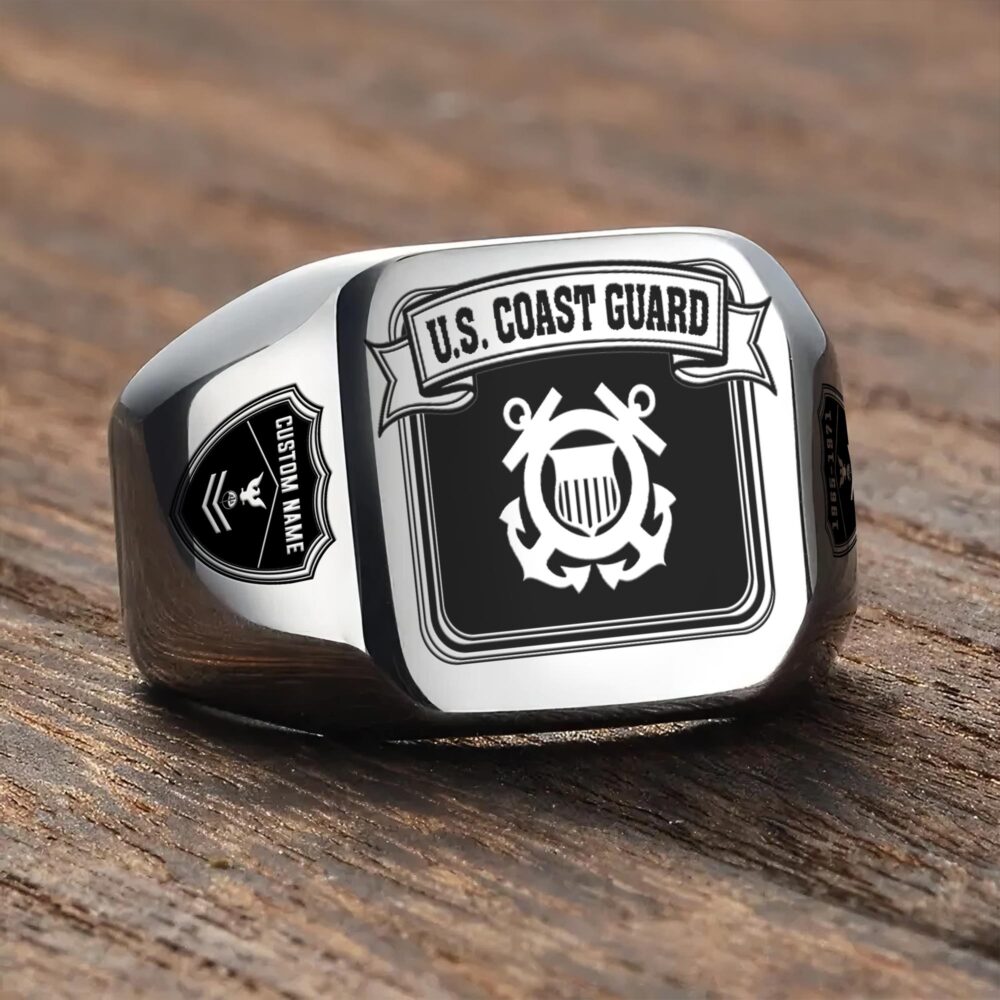 US Coast Guard, E 5 Gold - Engraved Men's Ring - Image 3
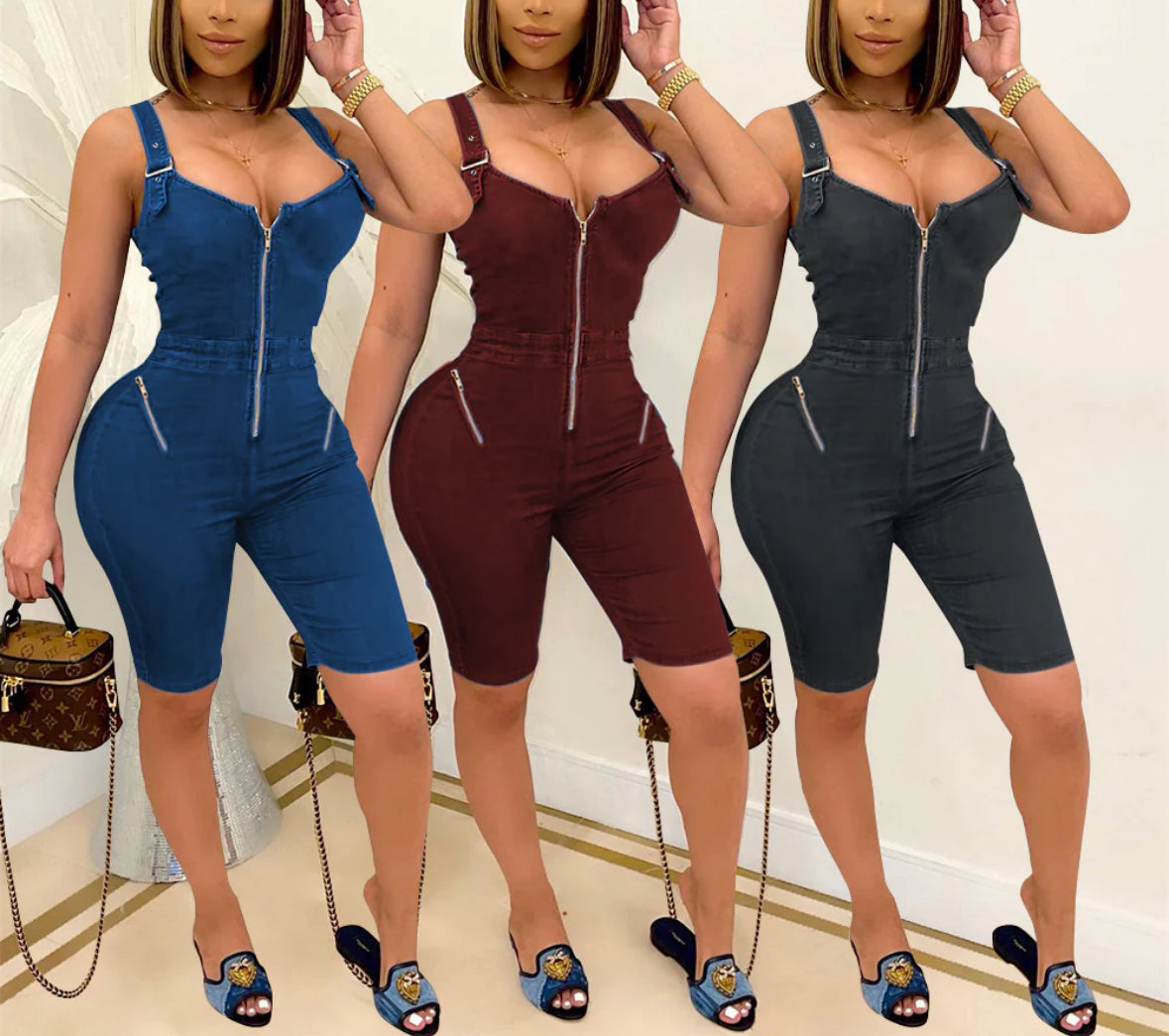 Strap Zipper Jumpsuit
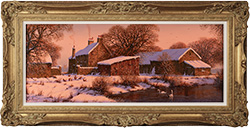 Edward Hersey, Original oil painting on panel, Warm Winter Glow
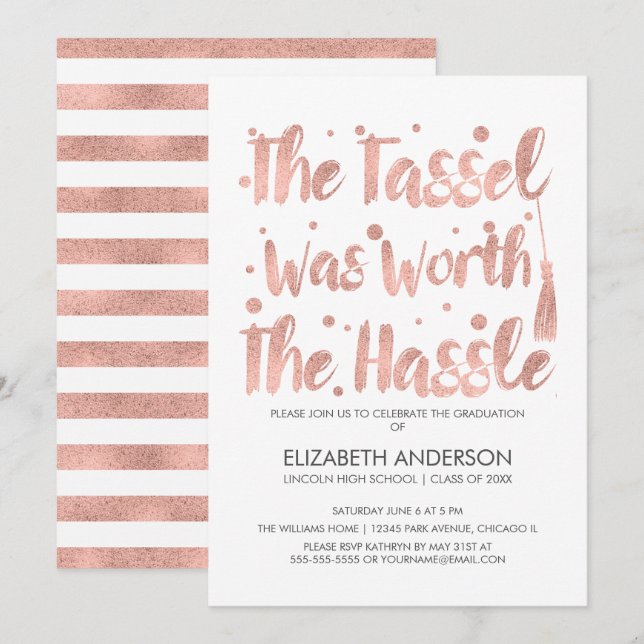 Rose Gold Tassel Graduation Card (Front/Back)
++++++++++
▸ TO DO: Go through the material and set it down again exactly, but without any pictures.

▸ OUTPUT FOR THIS TASK:
 US Coast Guard, E 5 Gold - Engraved Men's Ring - Image 3
 Strap Zipper Jumpsuit
 Edward Hersey, Original oil painting on panel, Warm Winter Glow
 Rose Gold Tassel Graduation Card (Front/Back)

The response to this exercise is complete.